§ What needs to be done
All that is wanted is the exact text of the lines below from the one with "Tónico de Ácido" through the one with "B@B Valbruna : photo", inclusive, minus any pictures.

§ Provided information
[Start of section]
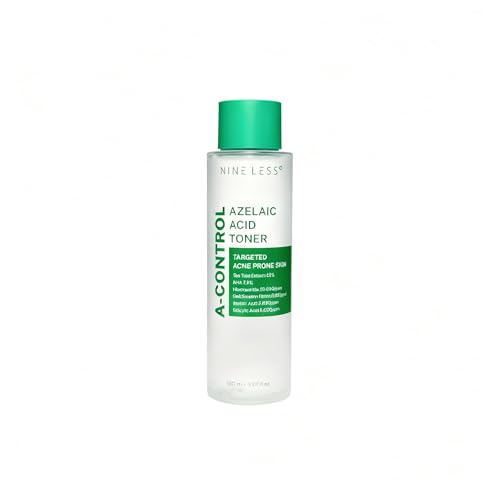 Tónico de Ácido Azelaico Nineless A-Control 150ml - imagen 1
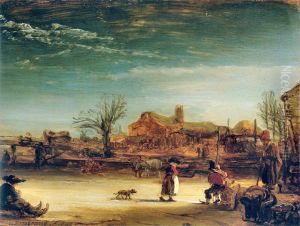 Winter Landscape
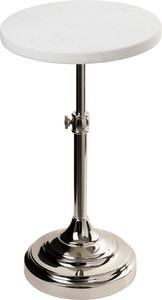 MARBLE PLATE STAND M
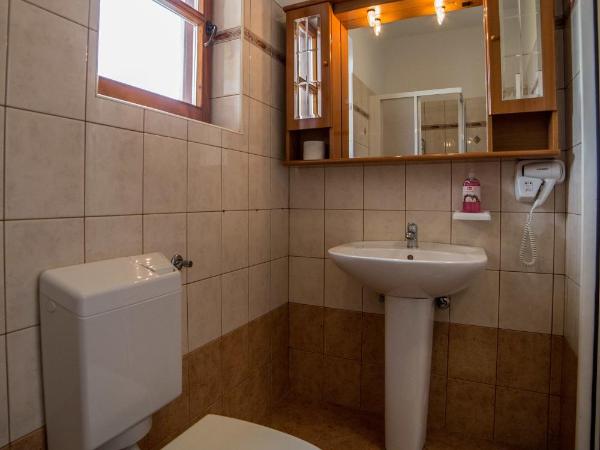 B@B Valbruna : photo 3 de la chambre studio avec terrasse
[End of section]
[Start of section]
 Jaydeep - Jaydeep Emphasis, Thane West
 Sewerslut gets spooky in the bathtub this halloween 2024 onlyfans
[End of section]
§ Output below
 Tónico de Ácido Azelaico Nineless A-Control 150ml - imagen 1
 Winter Landscape
 MARBLE PLATE STAND M
 B@B Valbruna : photo 3 de la chambre studio avec terrasse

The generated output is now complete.